**What is being asked**
The records are to be repeated exactly, and any images in them are to be dropped.

**Data supplied**
—————
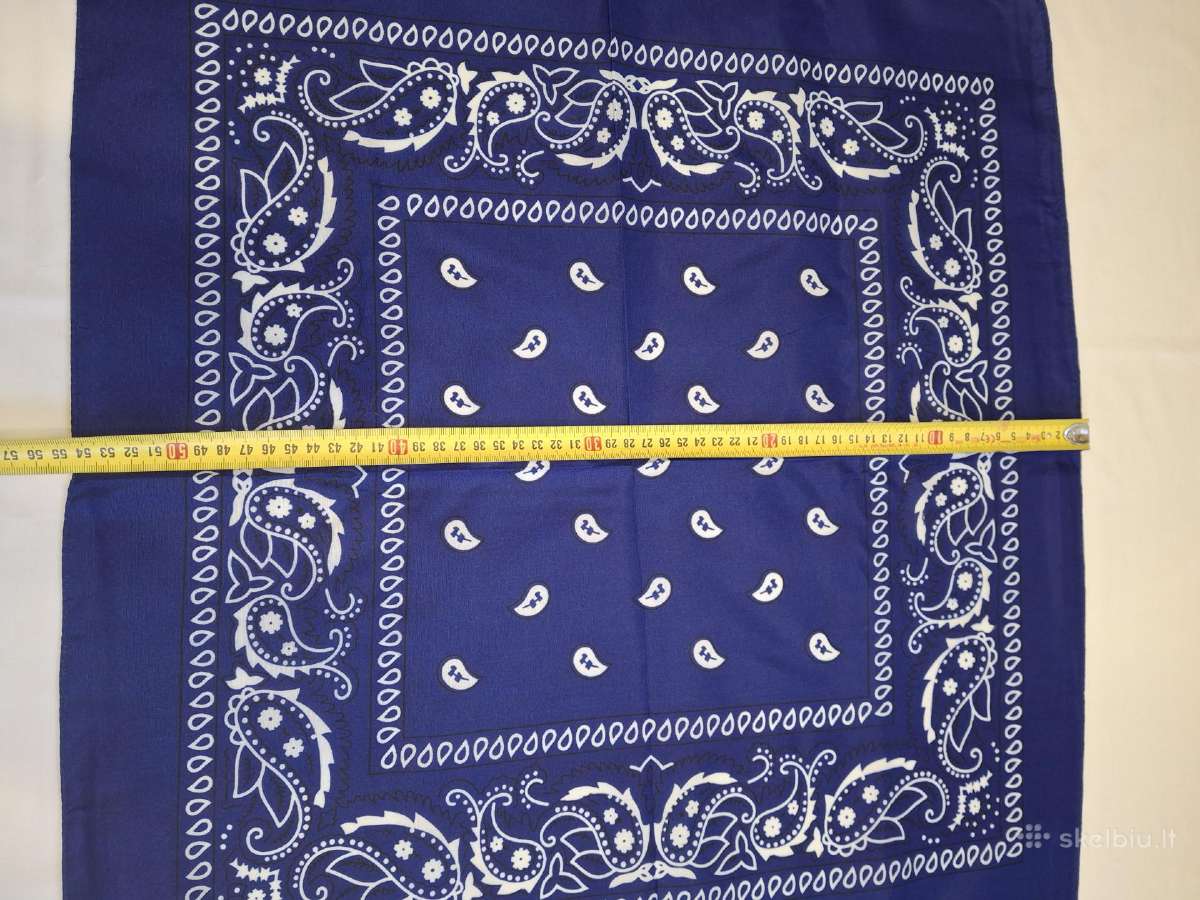 Kaubojiško stiliaus skrybėlė su aksesuarais - nuotraukos Nr. 8
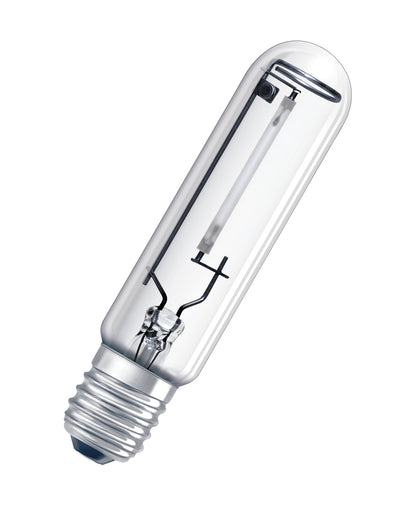LED príslušenstvo 400 W – OSRAM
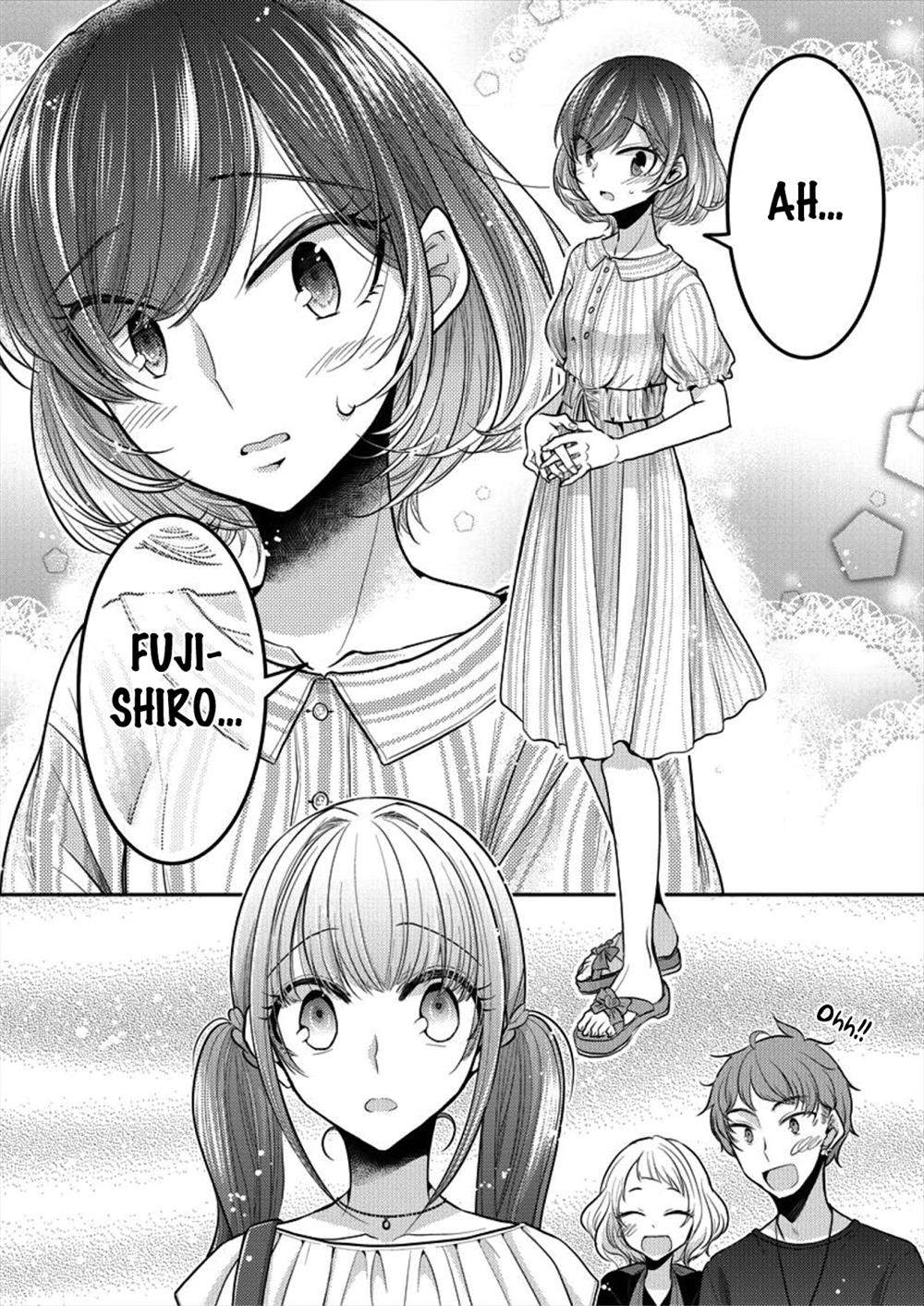 image-komik-useless-princesses-chapter-06-20/27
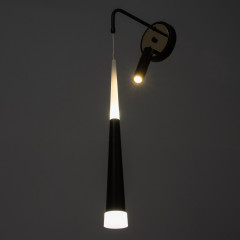 Бра «Клео» - Фото 3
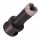DISTAR KORONA DIAMENTOWA KERAMIK PRO  18 x 30 x M14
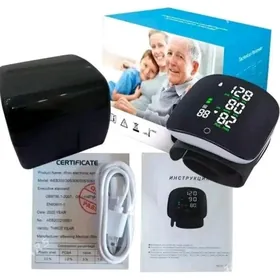 Goşar dawlenya ölçeÿji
—————
**Output**
 Kaubojiško stiliaus skrybėlė su aksesuarais - nuotraukos Nr. 8
LED príslušenstvo 400 W – OSRAM
 image-komik-useless-princesses-chapter-06-20/27
 Бра «Клео» - Фото 3
DISTAR KORONA DIAMENTOWA KERAMIK PRO  18 x 30 x M14
 Goşar dawlenya ölçeÿji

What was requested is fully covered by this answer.